RE: Webby Data from Makx Dekkers on 2015-10-11 (public-dwbp-wg@w3.org from October 2015)

From: Makx Dekkers <mail@makxdekkers.com>
Date: Sun, 11 Oct 2015 11:47:31 +0200
To: "'Phil Archer'" <phila@w3.org>, "'Public DWBP WG'" <public-dwbp-wg@w3.org>
Cc: "'Erik Wilde'" <dret@berkeley.edu>, "'Tandy, Jeremy'" <jeremy.tandy@metoffice.gov.uk>
Message-ID: <000001d10409$da6cb870$8f462950$@makxdekkers.com>

Hi Phil,

Useful thoughts on URIs within datasets.

If I understand correctly, you’re addressing two separate issues:

1. Identification of real-world entities (people, places, concepts etc.) that are used within the data using well-known URIs, e.g. if some data is related to a particular city, use a well-known URI to refer to the city.

One thing that we ned to think about is that it is not so easy to find such URIs. It's more complicated than finding terms in ‘predicate vocabularies’ (e.g. using LOV) because there is much more duplication. For example, I would not be able to tell you what is the ‘best’ URI to identify me; would you use the one that I minted and maintain myself, or would it be better to use one that is maintained by a trusted organisation? You refer to http://www.w3.org/TR/ld-bp/#how-to-find-existing-vocabularies but that seems to be mostly relevant for 'predicate vocabularies', not for finding URIs for people etc. In some work I was involved in we tried to rank external URIs in dimensions like well maintained, widely used, freely available, global vs. regional scope, mono- vs. multilingual descriptions -- with decisions driven by intended use and intended audience.

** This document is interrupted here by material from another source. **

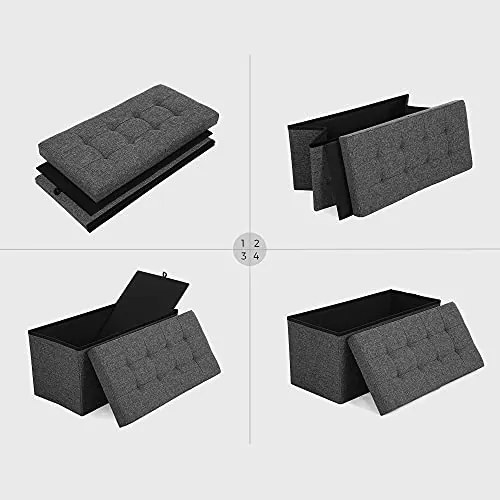 SongmicsHome OTO tárolós puff, 76x38x38cm, antracit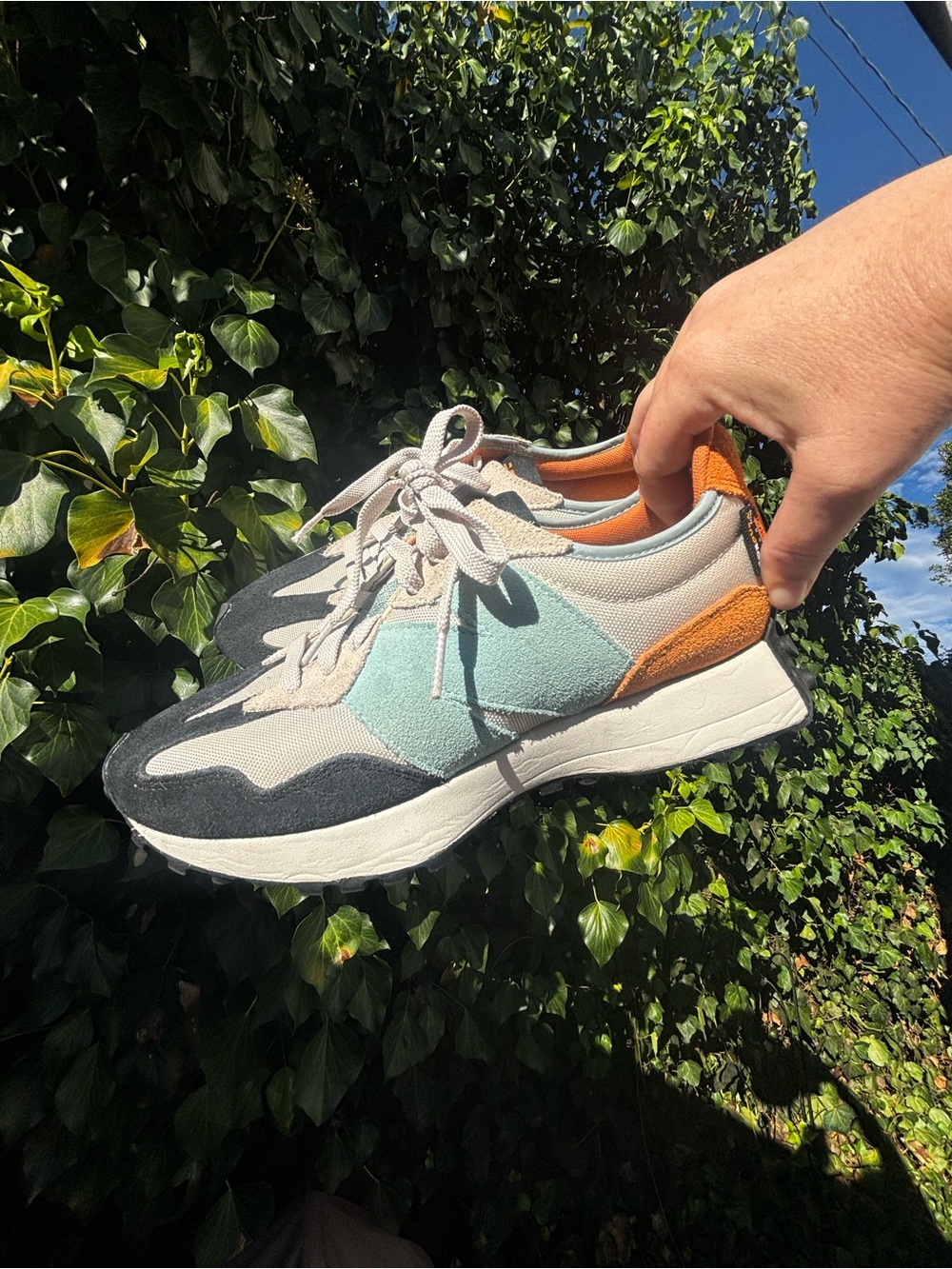 New Balance 327 Moonbeam Madras Orange Cordura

This first issue is are basically concerned about pointing from inside data to the outside world. The second issue is the other way around, pointing from the outside in.

2. Identification if parts of a dataset. I think that is want you mean by ‘data point’ but maybe that term is not the best, as it seems to imply some numerical value for an observation. I myself would favour a term like ‘part of a dataset’ or ‘data item’.

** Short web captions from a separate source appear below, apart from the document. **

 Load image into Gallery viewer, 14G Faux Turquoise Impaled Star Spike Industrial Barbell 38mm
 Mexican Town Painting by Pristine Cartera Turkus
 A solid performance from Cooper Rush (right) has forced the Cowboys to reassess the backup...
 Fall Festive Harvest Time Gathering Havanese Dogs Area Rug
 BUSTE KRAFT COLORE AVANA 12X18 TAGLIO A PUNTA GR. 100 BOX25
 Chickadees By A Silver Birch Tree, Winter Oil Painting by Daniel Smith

On this second issue, we may need to include some warnings. In some cases, a part of a dataset by itself may not be understandable without access to information about the dataset as a whole; e.g. for an observation, you may need to know how and why it was observed; for an article in a law, you may need to know what a particular term means in this specific context. One approach would certainly be to create URIs that are in some way derived from the dataset URI, which I understand is the approach of CSVW at http://www.w3.org/TR/tabular-metadata/#uri-template-properties. However, in the absence of a ‘standard’ way of creating ‘item URIs’ from dataset URIs, it may not be possible to know what the dataset URI is from looking at the item URI, at least not in a machine-readable way.

So in summary, I think that advice could be given, but I think that there need to be two separate BPs for them.

Makx.

Received on Sunday, 11 October 2015 09:48:06 UTC